Neil Gaiman’s “American Gods” 10 years later

Here and Now

Story by PRI’s Here and Now. For more, listen to the audio above.

A special ten-year Anniversary edition of the New York Times bestseller and award-winning novel, “American Gods” has been released. The book is the story of people immigrating to America, with their ancient gods in tow. Once settled in the US, the immigrants abandon their traditional gods for new gods: the American gods of the stock market and the internet. The ancient gods must battle with the new deities for power among the Americans.

Twenty-four-year-old Alissa Greenberg first read “American Gods” when it originally came out in 2001. Since then, she has read it another 10 times.
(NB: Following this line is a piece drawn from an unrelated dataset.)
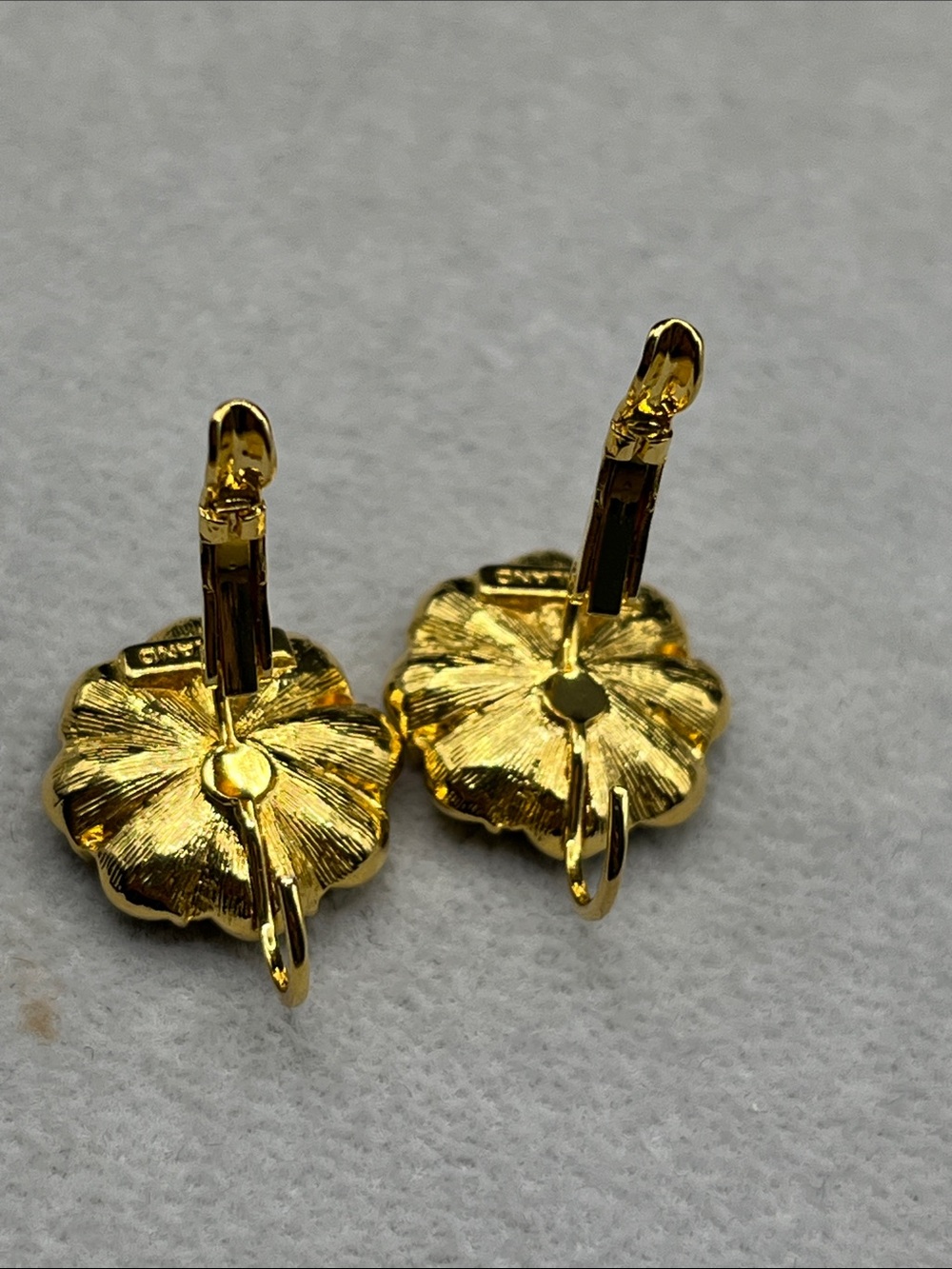 Joan Rivers Colorful gold tone flower pierced earrings - Picture 6 of 7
Greenberg says, “As somebody who’s really interested in other cultures and religions, I loved seeing them all put together, and answering the question, you know, ‘what would happen if they all had to exist together.”
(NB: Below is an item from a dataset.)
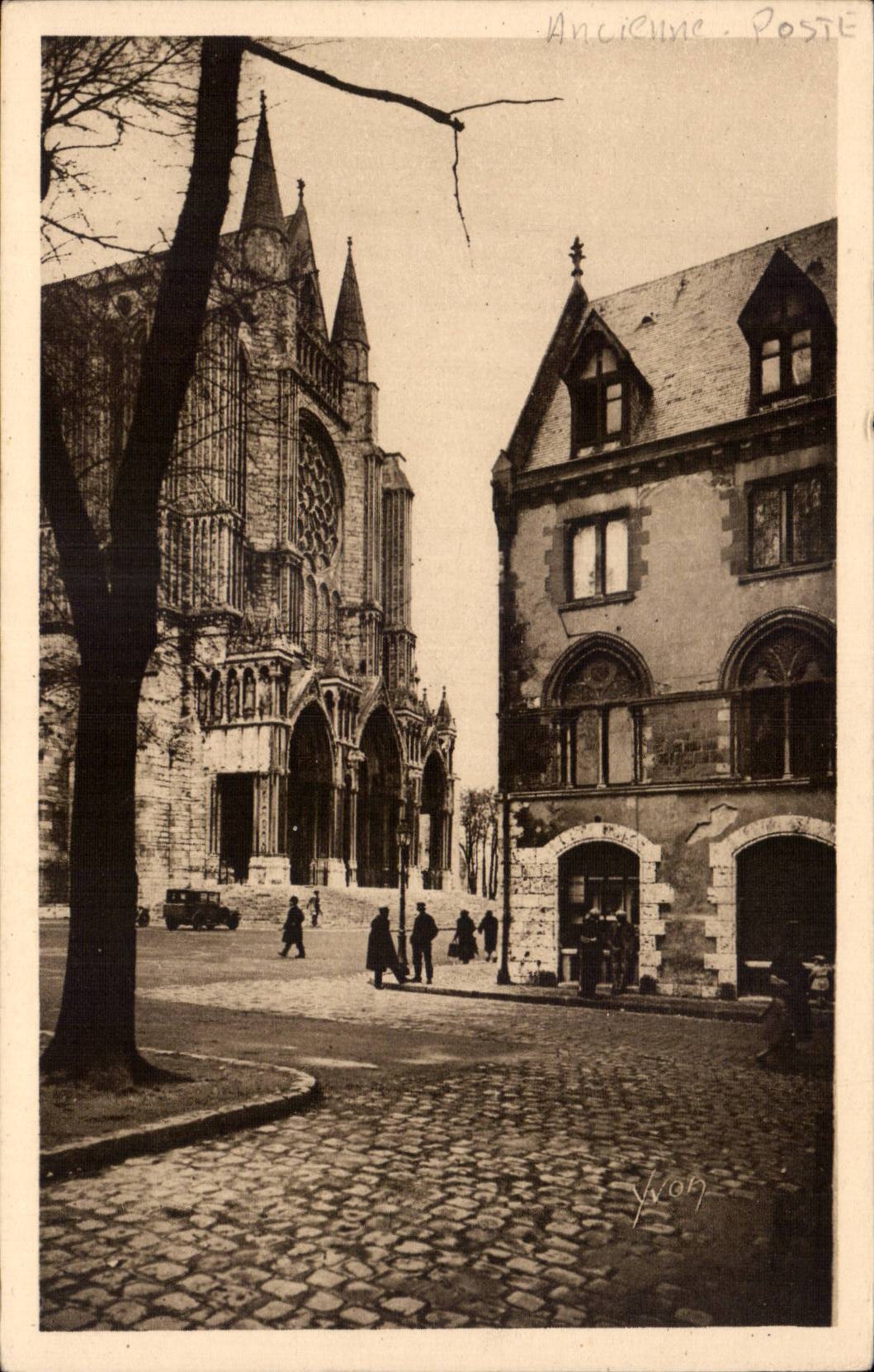 CPA Chartres the old post office and the Southern gate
As a part of Here and Now’s series, “Page Turners: Ask The Author,” Greenberg asks author Neil Gaiman about writing a book filled with delicate and subtle foreshadowing. “I wanted to write something that the first time through would reveal itself to you like a magic trick — you wouldn’t actually see how it was done — you would be surprised by things that happened in the plot,” Gaiman says, “but I loved the idea of writing something that once you’d read it that once, if you […] reread it, you would see the way that everything had actually been set up.”

The English author — he’s also written Stardust, Coraline, Good Omens and Neverwhere — chose to set the American novel over the course of a road trip, because he says “it’s the one thing you can’t do in England […] because if you drive for a day, you’ve run out of road.”
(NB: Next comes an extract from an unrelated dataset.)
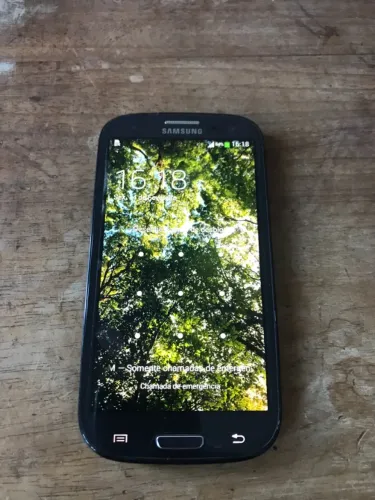 Samsung Galaxy S3 (Leia a descrição)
Gaiman says that he loves roadside America in all of its forms. He talks about a fascination with the American tendency to erect idiosyncratic items that can guide roadtrips like, “a life-size copy of the largest cheese in the world as displayed at the 1962 world’s fair.”

Although much has happened since the book was originally published in 2001, Gaiman says that the fundamental cultural commentary in “American Gods” has stayed true. He recognizes that in the last ten years, some gods have come and gone — like the god of Myspace — “I managed to get something, whether by accident or by design, very, very right in American Gods.”